En hommage à Roger Arnould (1914-1994), Résistant, rescapé de Buchenwald, documentaliste de la FNDIRP qui a initié les recherches sur le convoi du 6 juillet 1942.

[1] Seine-Maritime : département dénommé “Seine-Inférieure” jusqu’en janvier 1955.

[2] Bagnolet : jusqu’à la loi du 10 juillet 1964, cette commune fait partie du département de la Seine, qui inclut Paris et de nombreuses villes de la “petite couronne”, dont la “ceinture rouge” des municipalités dirigées par des maires communistes (transfert administratif effectif en janvier 1968).
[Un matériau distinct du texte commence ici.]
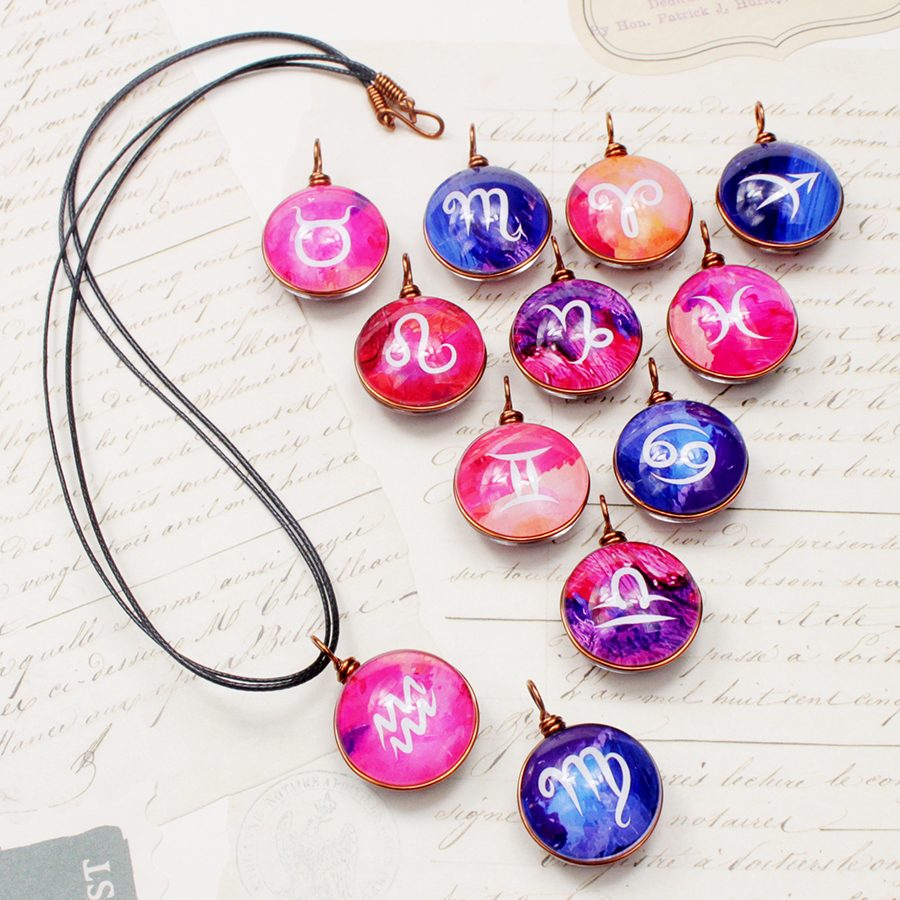 Dây chuyền 12 cung hoàng đạo Zodiac màu sắc tươi sáng 06647-DC006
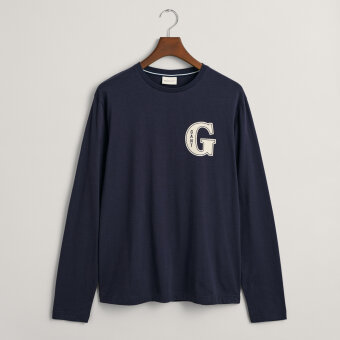 Gant - Gant - Graphic LS | T-shirt Marineblå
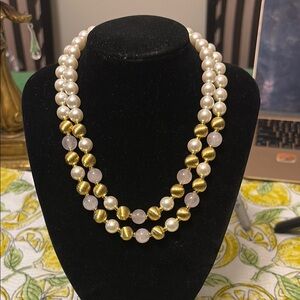 Napier Pearl, Rose Quartz and Gold Beaded Necklace and Rose Quartz Earrings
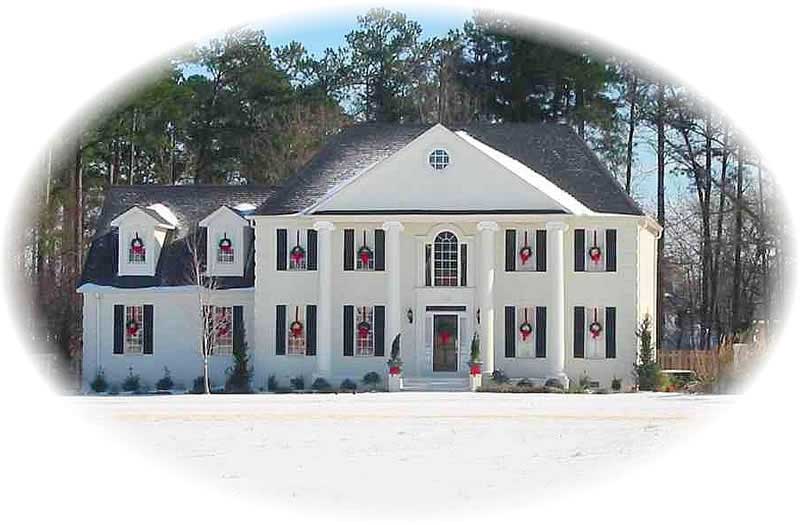 Front view of Colonial home (ThePlanCollection: House Plan #170-2548)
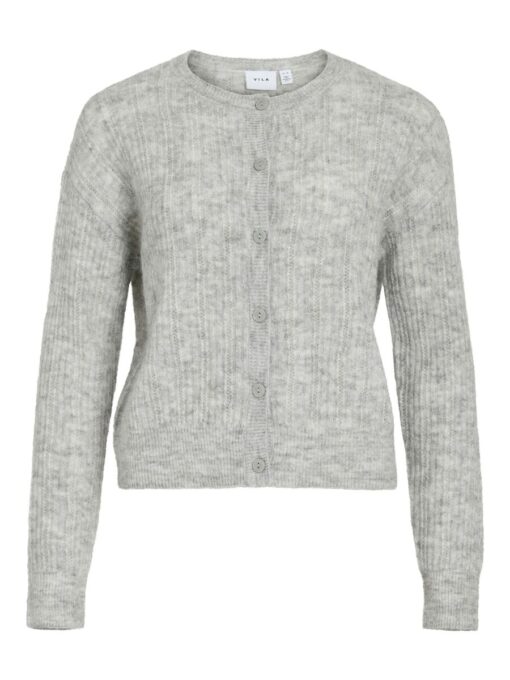 Vipretty Pointelle Cardigan Light Grey Melange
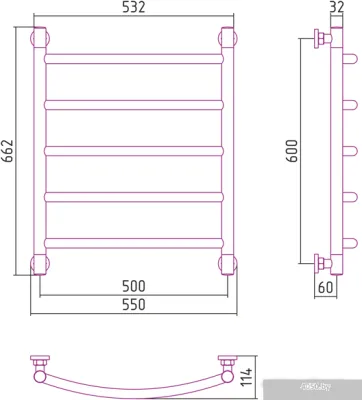 Полотенцесушитель Сунержа Галант+ 600x500 00-0200-1250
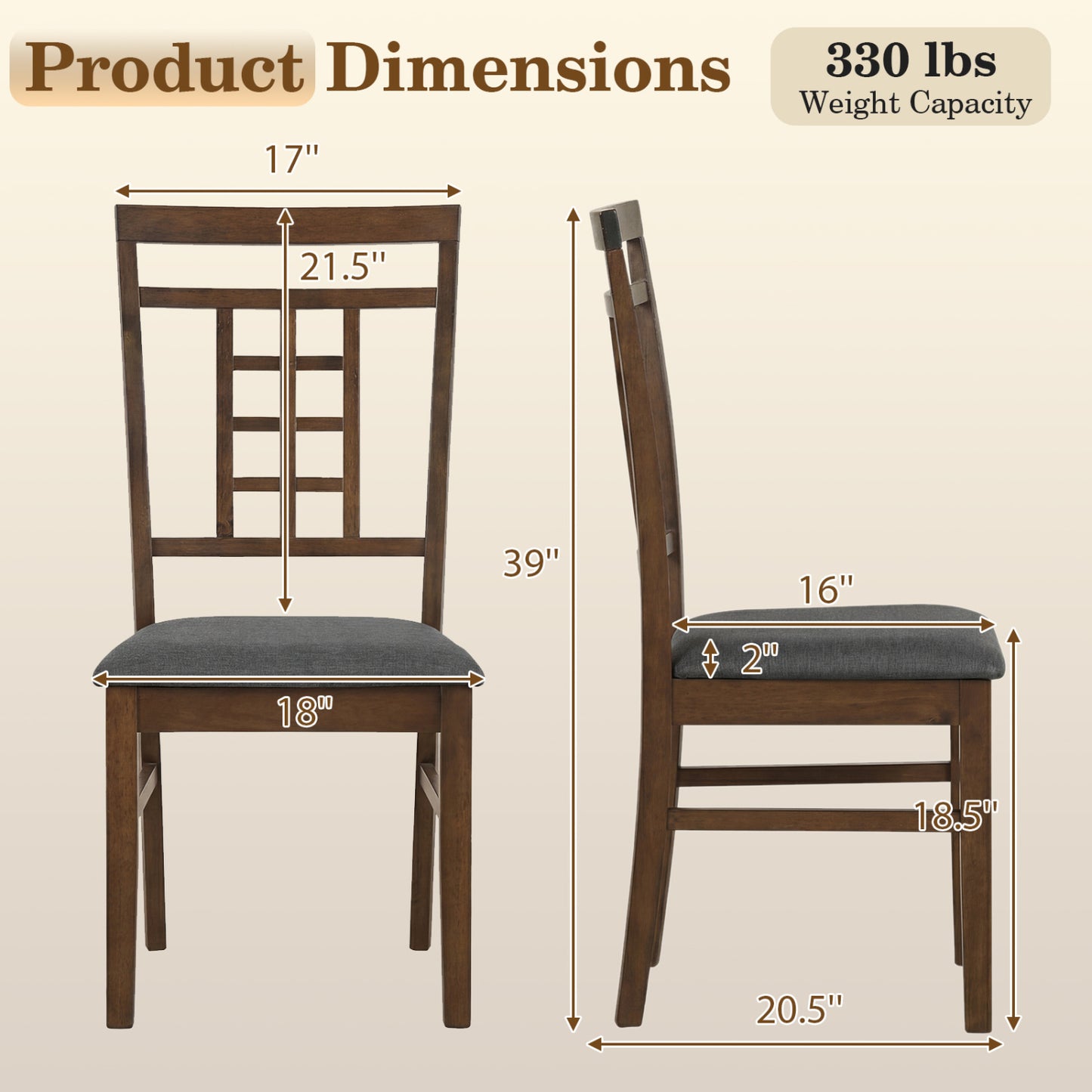 Dining Chairs Set of 2 with Lattice Back and Padded Seats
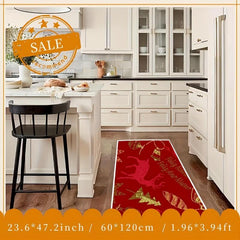 Christmas Element Pattern Red Carpet Non Slip Floor Mat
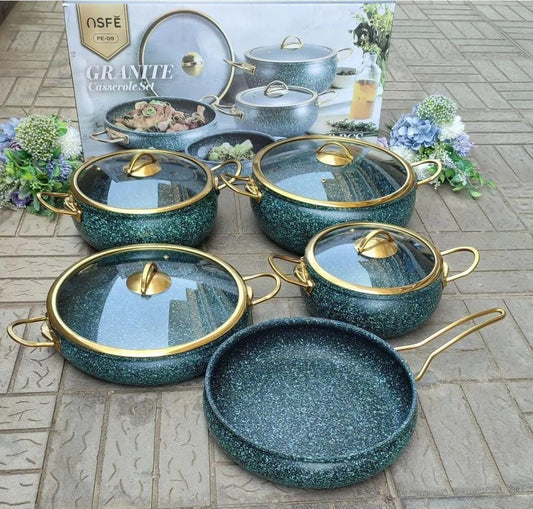 9PCS GRANITE COATING KITCHEN COOKWARE SET / Cooking pots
[3] Sous contrôle militaire allemand, le camp de Royallieu a d’abord été un camp de prisonniers de guerre (Frontstalag 122), puis, après l’invasion de l’URSS, un « camp de concentration permanent pour éléments ennemis actifs ». À partir de septembre 1941, on y prélève – comme dans les autres camps et prisons de zone occupée – des otages à fusiller. Le 10 février 1942, il devient un centre de regroupement pour la déportation des détenus juifs et communistes, séparés dans l’enceinte du camp. Avec le développement du plan d’extermination nazi, à la mi-juillet 1942 (rafle du Vel d’Hiv), le secteur juif sera fermé et remplacé par le camp de Drancy (Seine-Saint-Denis – 93

[4] La date de décès inscrite sur les actes d’état civil en France : Dans les années qui ont suivi la guerre, devant l’impossibilité d’obtenir des dates précises de décès des déportés, mais soucieux d’établir lesdocuments administratifs nécessaires pour le versement des pensions aux familles, les services français d’état civil – dont un représentant officiait au ministère des Anciens combattants en se fondant sur diverses sources, parmi lesquelles le témoignage approximatif des rescapés – ont très souvent fixé des dates fictives : le 1er, le 15, le 30, le 31 du mois, voire le jour (et le lieu !) du départ.

S’agissant de Charles Delaby, c’est le mois de décembre 1942 qui a été retenu pour certifier son décès. Leur inscription sur les registres d’état civil rendant ces dates officielles, certaines ont quelquefois été gravées sur les monuments aux morts.